= Exercise goal =
Print each entry as it appears. Images stay out of the copy.

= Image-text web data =
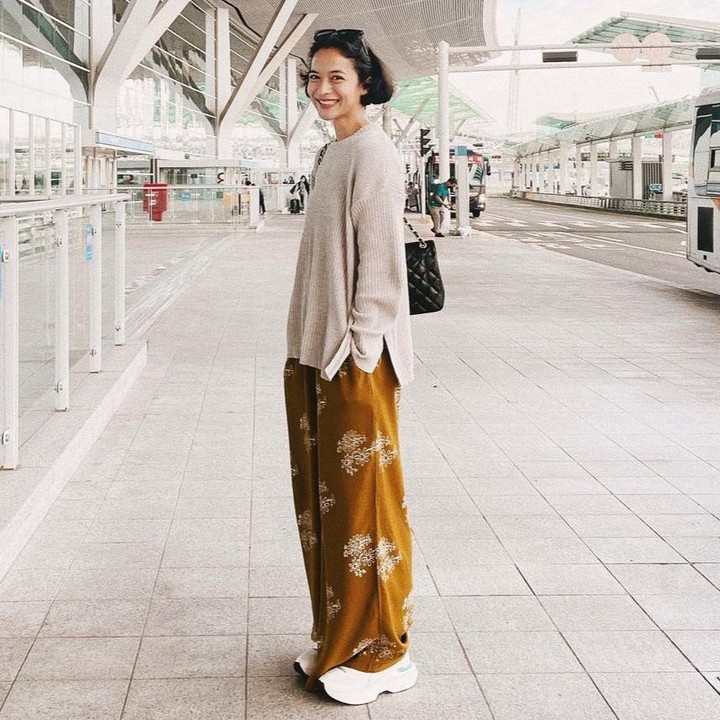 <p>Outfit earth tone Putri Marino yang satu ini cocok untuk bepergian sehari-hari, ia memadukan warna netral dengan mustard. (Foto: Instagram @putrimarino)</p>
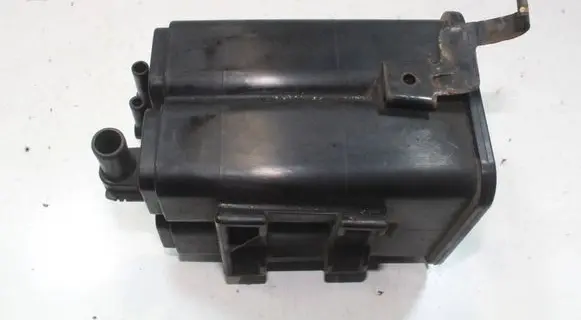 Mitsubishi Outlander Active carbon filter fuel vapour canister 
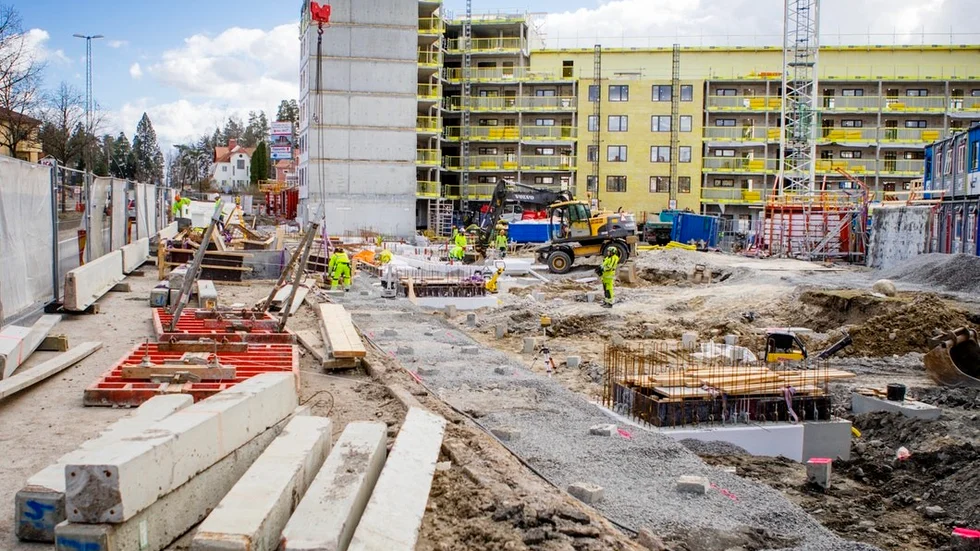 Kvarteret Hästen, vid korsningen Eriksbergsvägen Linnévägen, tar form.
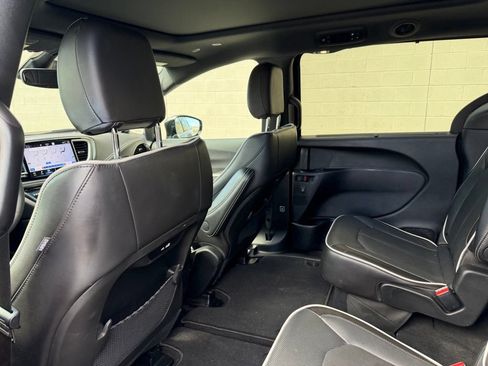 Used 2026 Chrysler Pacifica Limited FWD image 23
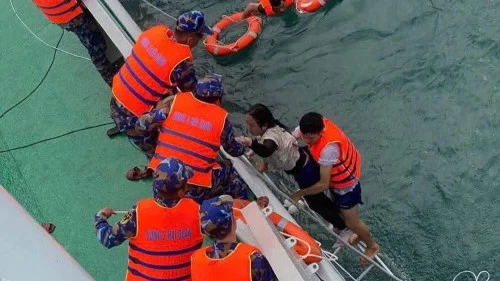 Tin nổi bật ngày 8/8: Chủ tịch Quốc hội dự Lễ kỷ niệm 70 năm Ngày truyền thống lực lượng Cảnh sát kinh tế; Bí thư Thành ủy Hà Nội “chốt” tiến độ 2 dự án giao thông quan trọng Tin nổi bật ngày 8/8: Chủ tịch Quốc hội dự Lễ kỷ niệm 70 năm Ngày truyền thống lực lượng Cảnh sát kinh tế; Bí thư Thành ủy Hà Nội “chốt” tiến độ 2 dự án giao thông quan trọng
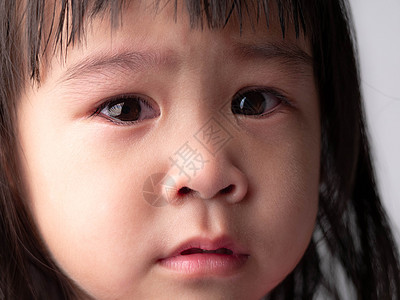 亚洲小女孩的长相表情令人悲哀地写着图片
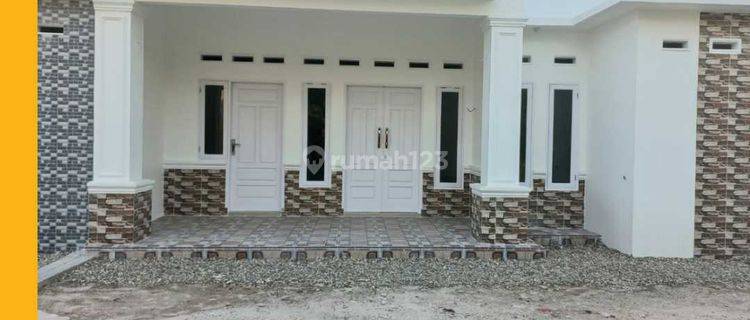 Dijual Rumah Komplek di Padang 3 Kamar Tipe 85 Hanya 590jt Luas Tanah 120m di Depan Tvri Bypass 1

= Result of this task =
 <p>Outfit earth tone Putri Marino yang satu ini cocok untuk bepergian sehari-hari, ia memadukan warna netral dengan mustard. (Foto: Instagram @putrimarino)</p>
 Mitsubishi Outlander Active carbon filter fuel vapour canister 
 Kvarteret Hästen, vid korsningen Eriksbergsvägen Linnévägen, tar form.
 Used 2026 Chrysler Pacifica Limited FWD image 23
 Tin nổi bật ngày 8/8: Chủ tịch Quốc hội dự Lễ kỷ niệm 70 năm Ngày truyền thống lực lượng Cảnh sát kinh tế; Bí thư Thành ủy Hà Nội “chốt” tiến độ 2 dự án giao thông quan trọng Tin nổi bật ngày 8/8: Chủ tịch Quốc hội dự Lễ kỷ niệm 70 năm Ngày truyền thống lực lượng Cảnh sát kinh tế; Bí thư Thành ủy Hà Nội “chốt” tiến độ 2 dự án giao thông quan trọng
 亚洲小女孩的长相表情令人悲哀地写着图片
 Dijual Rumah Komplek di Padang 3 Kamar Tipe 85 Hanya 590jt Luas Tanah 120m di Depan Tvri Bypass 1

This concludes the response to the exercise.